**THE INPUT**:
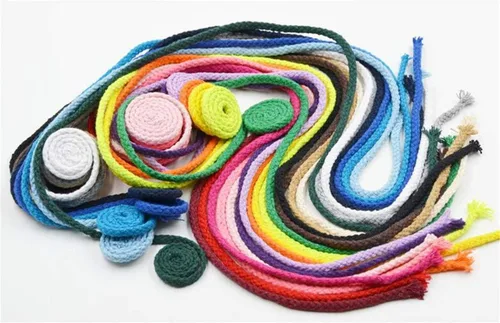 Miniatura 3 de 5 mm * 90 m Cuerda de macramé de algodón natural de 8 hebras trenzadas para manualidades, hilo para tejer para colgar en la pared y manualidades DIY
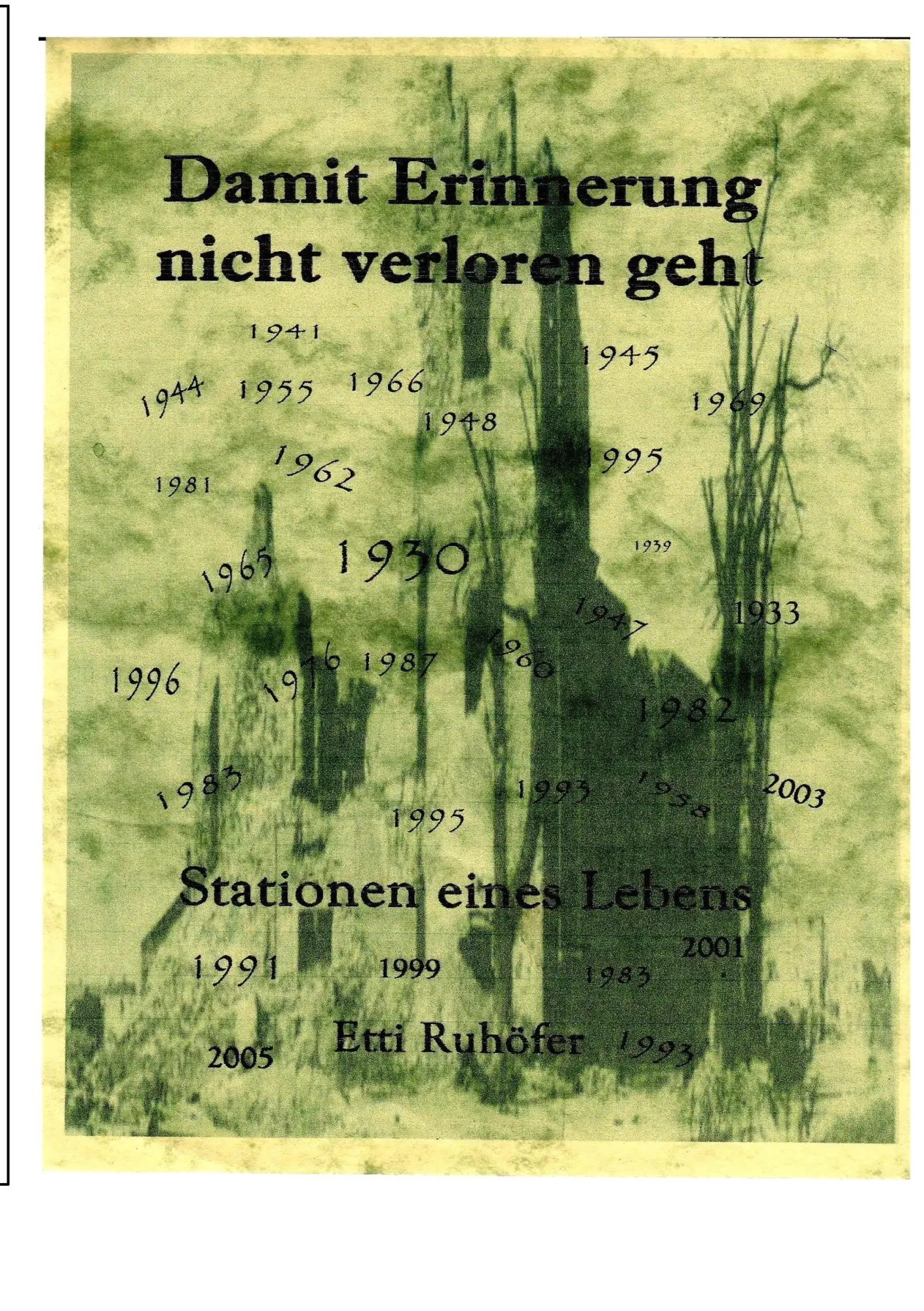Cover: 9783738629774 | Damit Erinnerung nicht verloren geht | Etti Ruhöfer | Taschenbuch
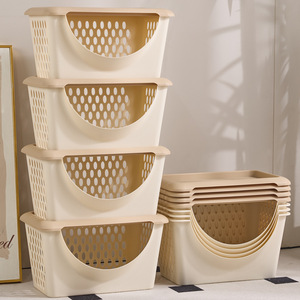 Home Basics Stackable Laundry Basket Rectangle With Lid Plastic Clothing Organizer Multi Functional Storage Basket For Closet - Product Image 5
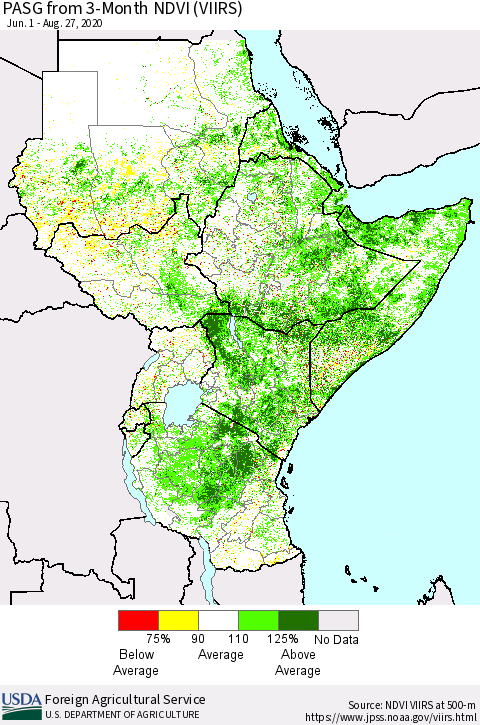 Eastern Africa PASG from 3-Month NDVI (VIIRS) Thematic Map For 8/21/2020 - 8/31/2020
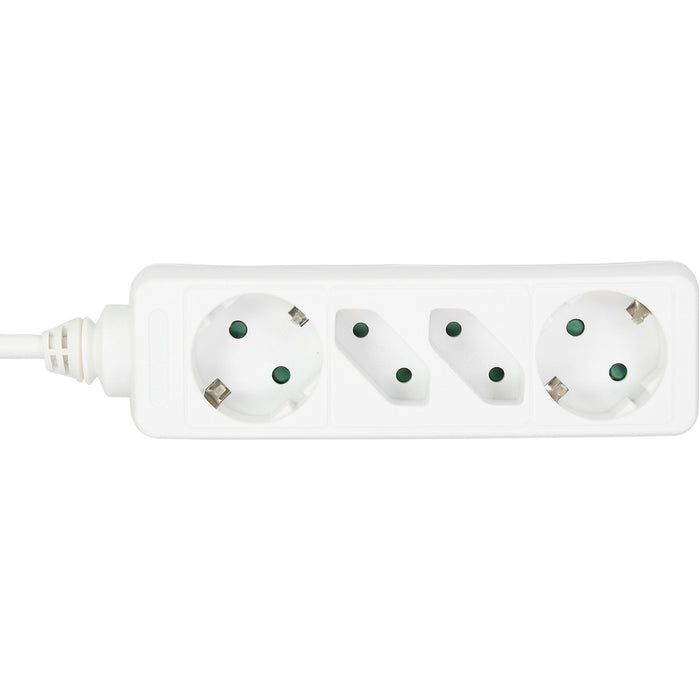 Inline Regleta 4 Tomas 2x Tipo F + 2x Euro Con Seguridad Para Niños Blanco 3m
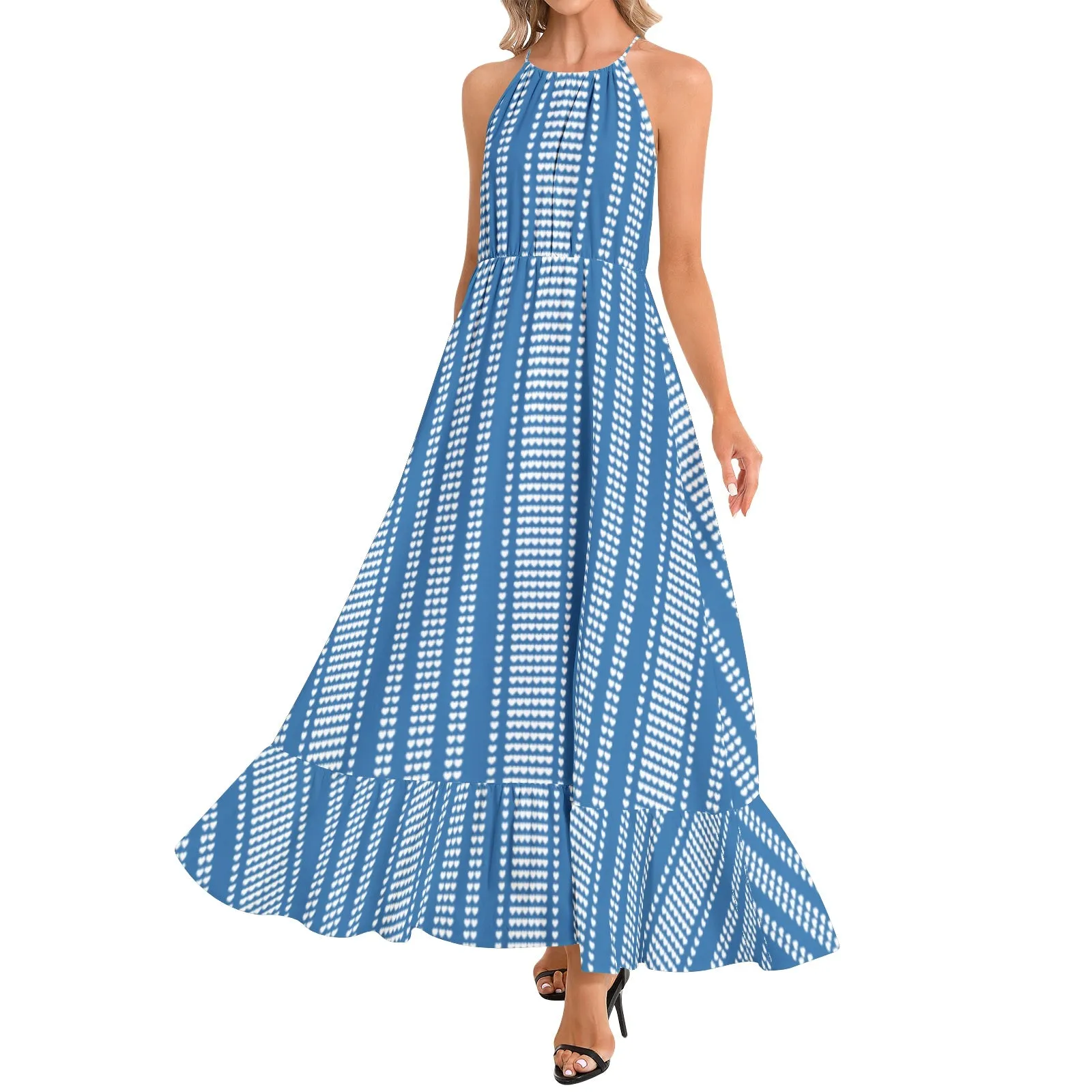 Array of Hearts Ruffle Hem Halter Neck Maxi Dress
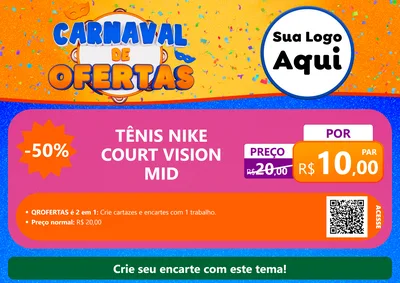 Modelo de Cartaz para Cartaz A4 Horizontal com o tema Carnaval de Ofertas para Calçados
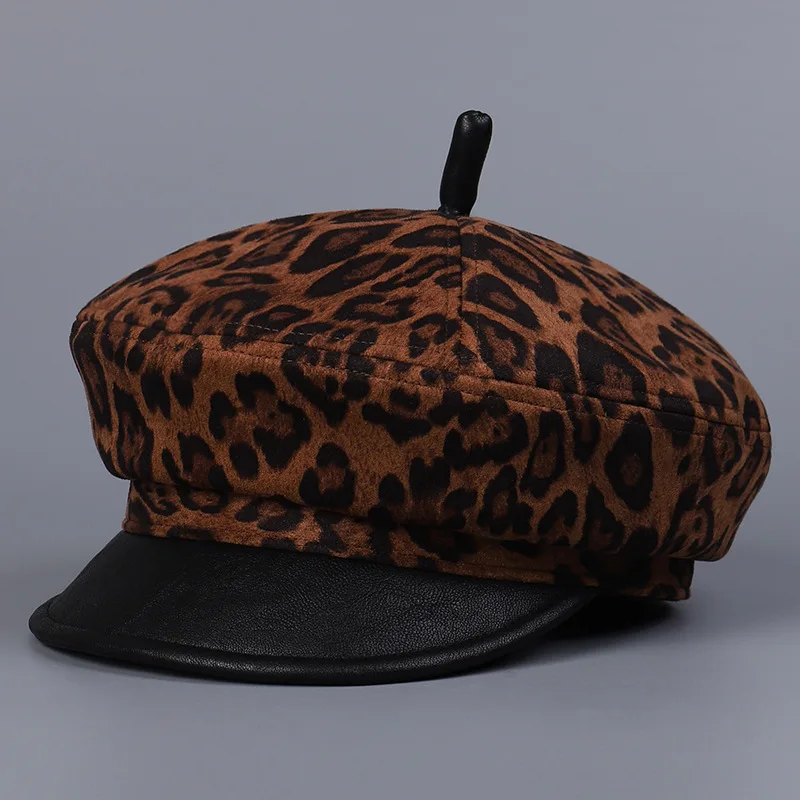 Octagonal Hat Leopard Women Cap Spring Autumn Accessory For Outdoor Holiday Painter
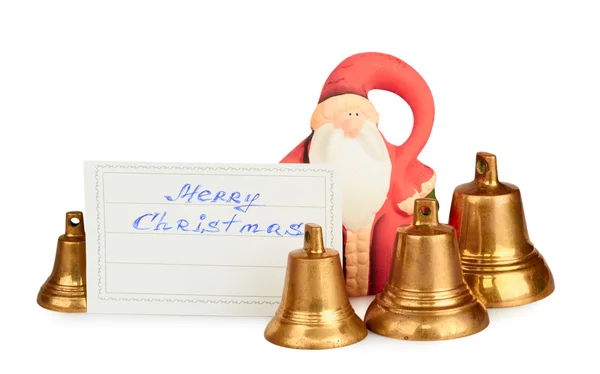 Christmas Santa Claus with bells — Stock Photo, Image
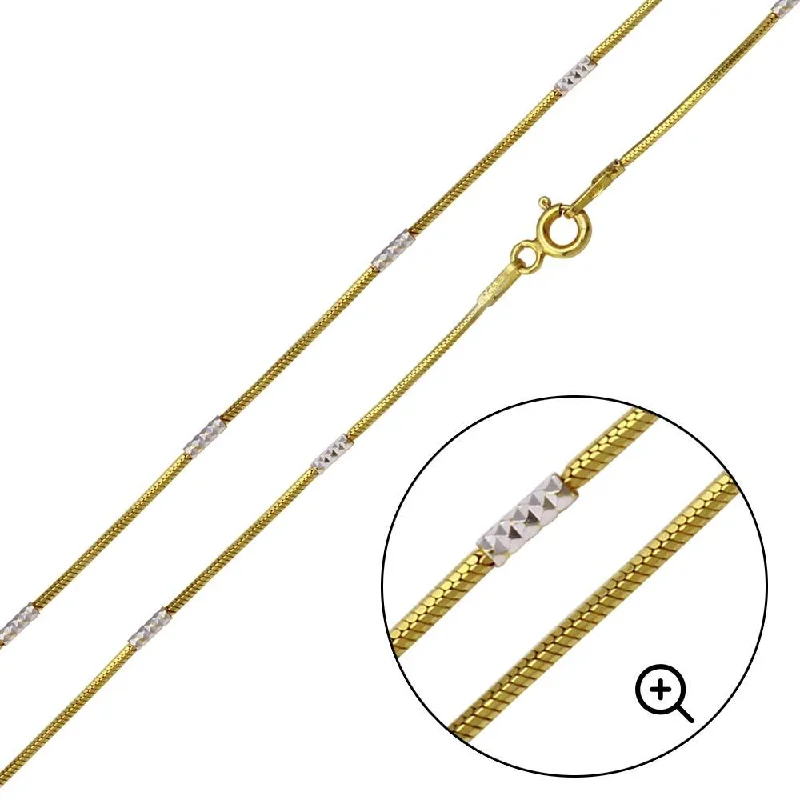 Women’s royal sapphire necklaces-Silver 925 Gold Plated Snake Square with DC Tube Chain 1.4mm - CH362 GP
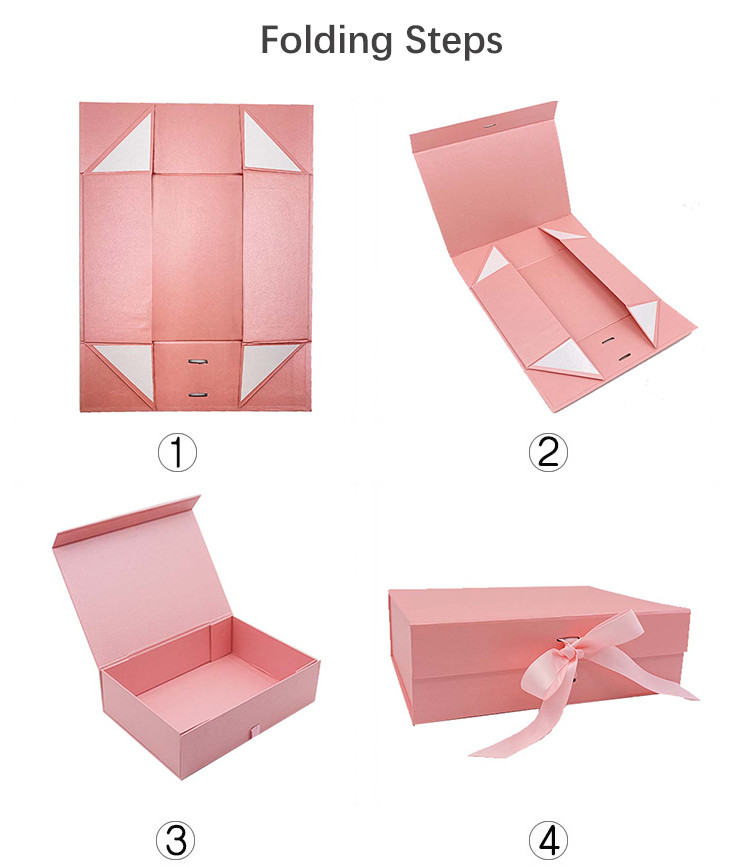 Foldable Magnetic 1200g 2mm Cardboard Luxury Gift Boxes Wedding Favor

**TASK OBJECTIVE**:
Your copy of the data above should match it exactly, apart from the images.

**TASK SOLUTION**:
 Miniatura 3 de 5 mm * 90 m Cuerda de macramé de algodón natural de 8 hebras trenzadas para manualidades, hilo para tejer para colgar en la pared y manualidades DIY
Cover: 9783738629774 | Damit Erinnerung nicht verloren geht | Etti Ruhöfer | Taschenbuch
 Home Basics Stackable Laundry Basket Rectangle With Lid Plastic Clothing Organizer Multi Functional Storage Basket For Closet - Product Image 5
 Eastern Africa PASG from 3-Month NDVI (VIIRS) Thematic Map For 8/21/2020 - 8/31/2020
 Inline Regleta 4 Tomas 2x Tipo F + 2x Euro Con Seguridad Para Niños Blanco 3m
 Array of Hearts Ruffle Hem Halter Neck Maxi Dress
 Modelo de Cartaz para Cartaz A4 Horizontal com o tema Carnaval de Ofertas para Calçados
 Octagonal Hat Leopard Women Cap Spring Autumn Accessory For Outdoor Holiday Painter
 Christmas Santa Claus with bells — Stock Photo, Image
 Women’s royal sapphire necklaces-Silver 925 Gold Plated Snake Square with DC Tube Chain 1.4mm - CH362 GP
 Foldable Magnetic 1200g 2mm Cardboard Luxury Gift Boxes Wedding Favor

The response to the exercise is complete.